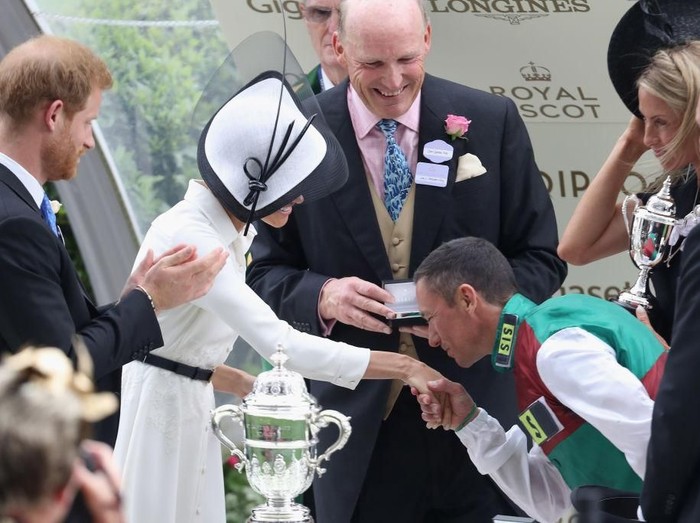 Tangan Meghan Markle dicium pria asing di Royal Ascot. Foto: Getty Images Tangan Meghan Markle dicium pria asing di Royal Ascot. Foto: Getty Images
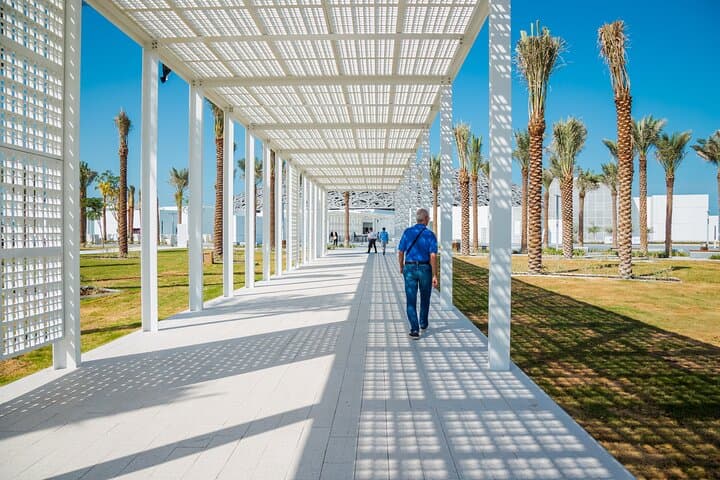 Abu Dhabi Day Tour from Dubai: Sheikh Zayed Grand Mosque & Louvre Abu Dhabi photo 4
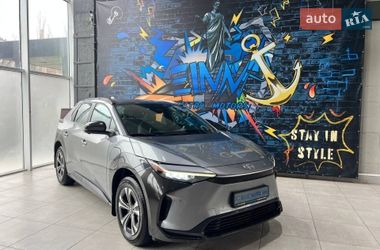 Цены Toyota bZ4X Электро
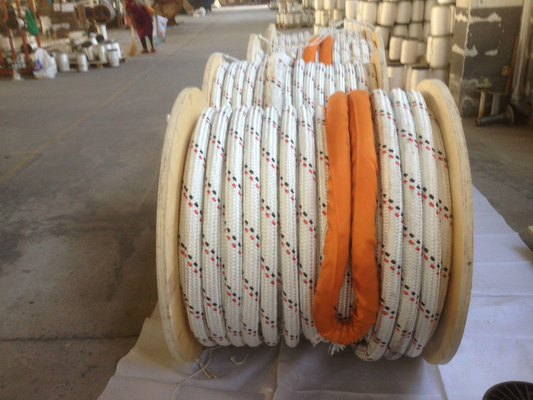 โพลีเอสเตอร์ที่ผสมผสานสองครั้ง ครอบคลุม 12 สาย UHMWPE สาย 32mmx220m สําหรับวิศวกรรมเรือ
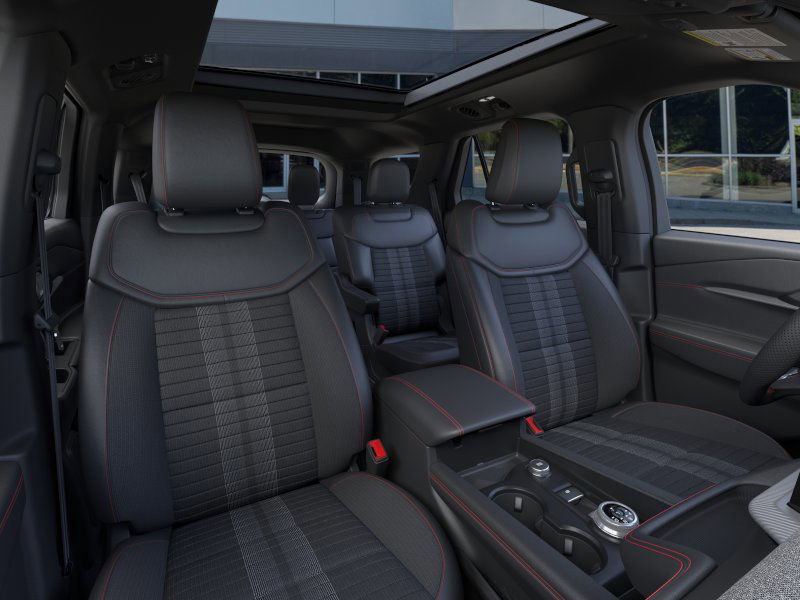 New 2026 Ford Explorer ST-Line w/ ST-Line Street Pack image 10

☆ ☆ ☆

**PROBLEM STATEMENT**
Omit the pictures, then repeat exactly each line from the beginning of the listing through the line with "Цены Toyota bZ4X Электро".

**ANSWER TO THIS EXERCISE**
 Tangan Meghan Markle dicium pria asing di Royal Ascot. Foto: Getty Images Tangan Meghan Markle dicium pria asing di Royal Ascot. Foto: Getty Images
 Abu Dhabi Day Tour from Dubai: Sheikh Zayed Grand Mosque & Louvre Abu Dhabi photo 4
 Цены Toyota bZ4X Электро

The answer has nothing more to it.